• _ASSIGNMENT_
The result should be an exact copy of only the lines from the one with "PawHut Cancelletto di" through the last line of the data below, with pictures omitted.

Captioned web images:
------------------------------------------------------------

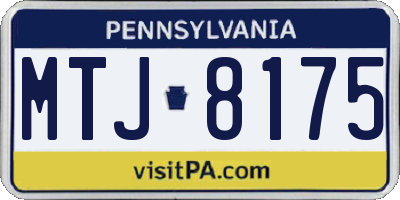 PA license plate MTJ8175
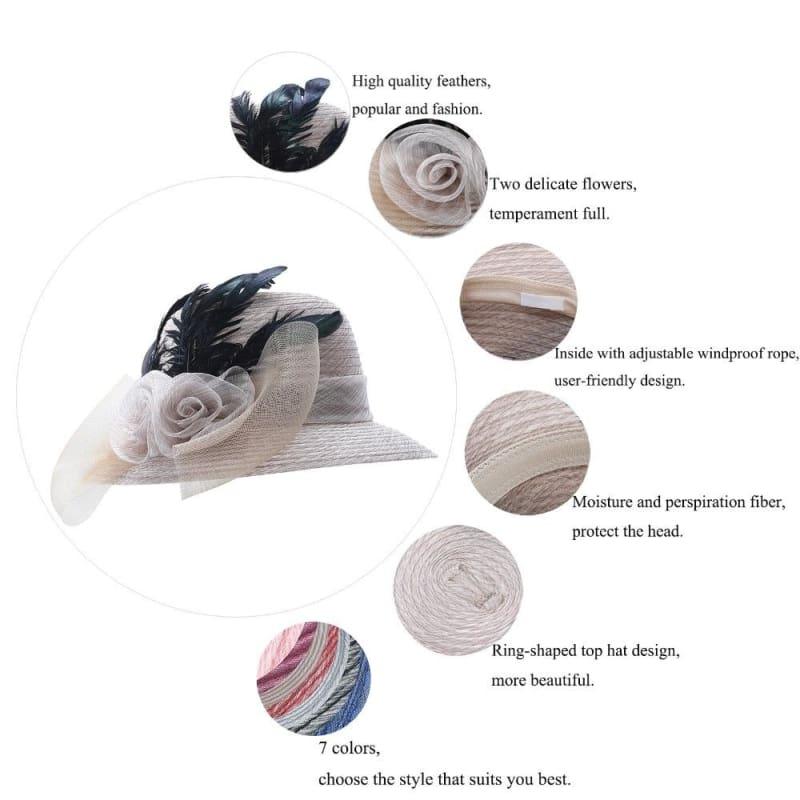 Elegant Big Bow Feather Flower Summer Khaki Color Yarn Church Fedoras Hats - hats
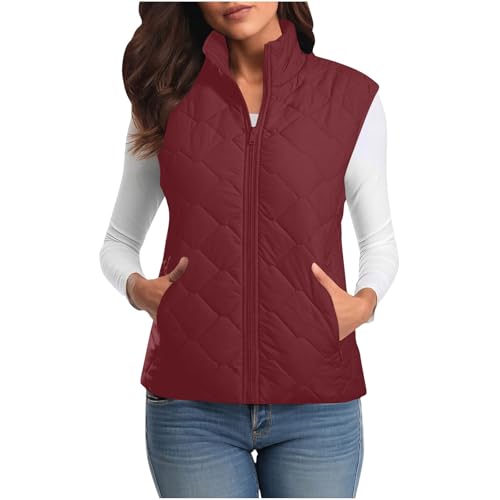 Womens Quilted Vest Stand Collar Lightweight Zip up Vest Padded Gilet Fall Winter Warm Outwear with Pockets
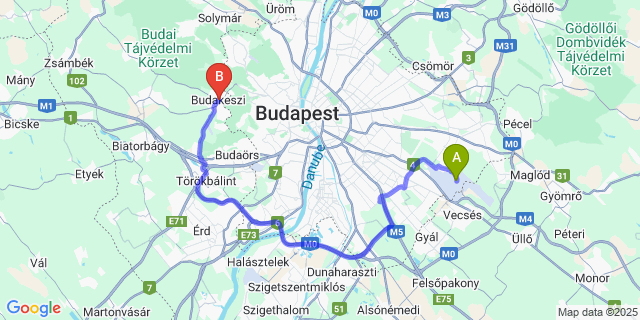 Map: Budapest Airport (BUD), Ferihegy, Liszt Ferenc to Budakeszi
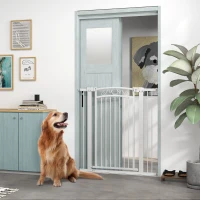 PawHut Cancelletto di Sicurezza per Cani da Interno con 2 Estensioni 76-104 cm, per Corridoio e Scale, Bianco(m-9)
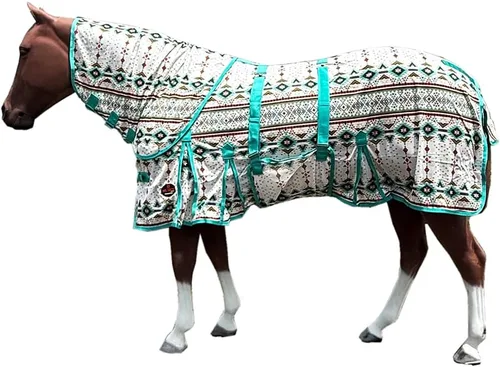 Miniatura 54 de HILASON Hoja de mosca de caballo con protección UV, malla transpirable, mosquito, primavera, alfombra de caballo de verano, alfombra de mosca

------------------------------------------------------------

• _ANSWER BOX_
 PawHut Cancelletto di Sicurezza per Cani da Interno con 2 Estensioni 76-104 cm, per Corridoio e Scale, Bianco(m-9)
 Miniatura 54 de HILASON Hoja de mosca de caballo con protección UV, malla transpirable, mosquito, primavera, alfombra de caballo de verano, alfombra de mosca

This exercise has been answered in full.